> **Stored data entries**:
----------

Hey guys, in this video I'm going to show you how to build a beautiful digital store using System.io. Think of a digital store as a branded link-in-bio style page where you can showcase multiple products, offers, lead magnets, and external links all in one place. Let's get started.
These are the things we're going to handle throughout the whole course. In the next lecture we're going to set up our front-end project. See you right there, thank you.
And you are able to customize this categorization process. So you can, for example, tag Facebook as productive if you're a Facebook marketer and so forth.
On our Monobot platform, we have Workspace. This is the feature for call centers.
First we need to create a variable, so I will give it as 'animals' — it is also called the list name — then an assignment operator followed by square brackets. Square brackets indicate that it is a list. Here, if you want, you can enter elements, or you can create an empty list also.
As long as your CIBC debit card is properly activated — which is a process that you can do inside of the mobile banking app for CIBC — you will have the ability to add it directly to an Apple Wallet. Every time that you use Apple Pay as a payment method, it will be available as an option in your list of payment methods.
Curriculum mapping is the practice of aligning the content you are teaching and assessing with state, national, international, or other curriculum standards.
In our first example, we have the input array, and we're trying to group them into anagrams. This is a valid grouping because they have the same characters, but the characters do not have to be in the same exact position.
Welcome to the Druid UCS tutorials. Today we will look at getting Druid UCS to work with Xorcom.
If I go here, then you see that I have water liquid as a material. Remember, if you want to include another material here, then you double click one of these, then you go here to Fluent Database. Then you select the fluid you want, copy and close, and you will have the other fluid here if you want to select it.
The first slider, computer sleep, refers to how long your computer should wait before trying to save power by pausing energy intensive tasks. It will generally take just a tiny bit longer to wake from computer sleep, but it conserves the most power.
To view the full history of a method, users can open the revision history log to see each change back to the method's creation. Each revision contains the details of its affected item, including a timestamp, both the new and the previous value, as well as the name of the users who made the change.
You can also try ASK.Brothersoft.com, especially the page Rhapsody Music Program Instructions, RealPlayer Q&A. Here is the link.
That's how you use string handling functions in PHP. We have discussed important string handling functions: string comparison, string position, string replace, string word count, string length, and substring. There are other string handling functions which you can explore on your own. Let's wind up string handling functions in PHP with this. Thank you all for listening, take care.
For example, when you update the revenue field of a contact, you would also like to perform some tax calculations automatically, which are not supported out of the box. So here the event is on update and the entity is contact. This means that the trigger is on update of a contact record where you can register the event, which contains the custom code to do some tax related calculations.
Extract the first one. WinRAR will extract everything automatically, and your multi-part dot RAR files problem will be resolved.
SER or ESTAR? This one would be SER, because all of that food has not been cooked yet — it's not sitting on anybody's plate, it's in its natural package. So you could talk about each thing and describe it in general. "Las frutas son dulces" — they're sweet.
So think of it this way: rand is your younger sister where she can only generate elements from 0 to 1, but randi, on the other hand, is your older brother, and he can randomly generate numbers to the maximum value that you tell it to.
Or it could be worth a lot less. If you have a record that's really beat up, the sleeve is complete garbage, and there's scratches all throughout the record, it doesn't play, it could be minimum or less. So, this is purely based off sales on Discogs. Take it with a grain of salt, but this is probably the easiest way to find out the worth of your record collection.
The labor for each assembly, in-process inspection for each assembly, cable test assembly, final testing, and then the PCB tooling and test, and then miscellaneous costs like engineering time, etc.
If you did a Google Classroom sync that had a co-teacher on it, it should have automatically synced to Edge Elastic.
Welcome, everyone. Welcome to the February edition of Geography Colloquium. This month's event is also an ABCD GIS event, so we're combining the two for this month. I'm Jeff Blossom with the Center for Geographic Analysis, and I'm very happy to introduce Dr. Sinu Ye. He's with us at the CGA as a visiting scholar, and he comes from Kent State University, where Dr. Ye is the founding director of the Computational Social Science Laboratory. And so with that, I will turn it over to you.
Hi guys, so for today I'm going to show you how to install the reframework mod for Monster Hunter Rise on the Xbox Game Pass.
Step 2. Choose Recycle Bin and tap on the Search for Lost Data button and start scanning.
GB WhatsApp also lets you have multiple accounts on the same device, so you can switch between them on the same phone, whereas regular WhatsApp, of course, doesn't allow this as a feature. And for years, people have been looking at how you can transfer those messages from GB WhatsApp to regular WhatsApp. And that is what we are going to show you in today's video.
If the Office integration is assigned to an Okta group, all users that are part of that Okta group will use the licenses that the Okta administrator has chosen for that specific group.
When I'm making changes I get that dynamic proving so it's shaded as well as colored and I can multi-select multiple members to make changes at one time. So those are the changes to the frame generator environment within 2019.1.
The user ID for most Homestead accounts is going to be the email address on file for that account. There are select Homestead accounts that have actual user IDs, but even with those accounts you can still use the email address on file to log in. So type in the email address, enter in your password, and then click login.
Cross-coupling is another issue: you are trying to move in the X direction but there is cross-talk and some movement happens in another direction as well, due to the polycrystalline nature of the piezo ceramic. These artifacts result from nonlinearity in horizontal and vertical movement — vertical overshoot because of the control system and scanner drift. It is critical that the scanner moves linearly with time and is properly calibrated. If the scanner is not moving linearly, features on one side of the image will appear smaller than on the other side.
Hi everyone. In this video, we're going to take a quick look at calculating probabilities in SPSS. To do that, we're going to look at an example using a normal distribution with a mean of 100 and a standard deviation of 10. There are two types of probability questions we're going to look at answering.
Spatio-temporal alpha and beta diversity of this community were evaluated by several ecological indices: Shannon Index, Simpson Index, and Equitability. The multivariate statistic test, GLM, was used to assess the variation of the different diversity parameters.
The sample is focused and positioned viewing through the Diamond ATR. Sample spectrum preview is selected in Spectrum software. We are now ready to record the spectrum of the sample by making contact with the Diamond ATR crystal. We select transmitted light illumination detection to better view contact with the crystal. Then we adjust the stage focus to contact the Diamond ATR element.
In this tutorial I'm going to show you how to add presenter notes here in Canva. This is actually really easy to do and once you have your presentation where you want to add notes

----------

> **Prompt**: Where the word "could" occurs in a line of the records, copy that line.

> **Written answer**:
SER or ESTAR? This one would be SER, because all of that food has not been cooked yet — it's not sitting on anybody's plate, it's in its natural package. So you could talk about each thing and describe it in general. "Las frutas son dulces" — they're sweet.
Or it could be worth a lot less. If you have a record that's really beat up, the sleeve is complete garbage, and there's scratches all throughout the record, it doesn't play, it could be minimum or less. So, this is purely based off sales on Discogs. Take it with a grain of salt, but this is probably the easiest way to find out the worth of your record collection.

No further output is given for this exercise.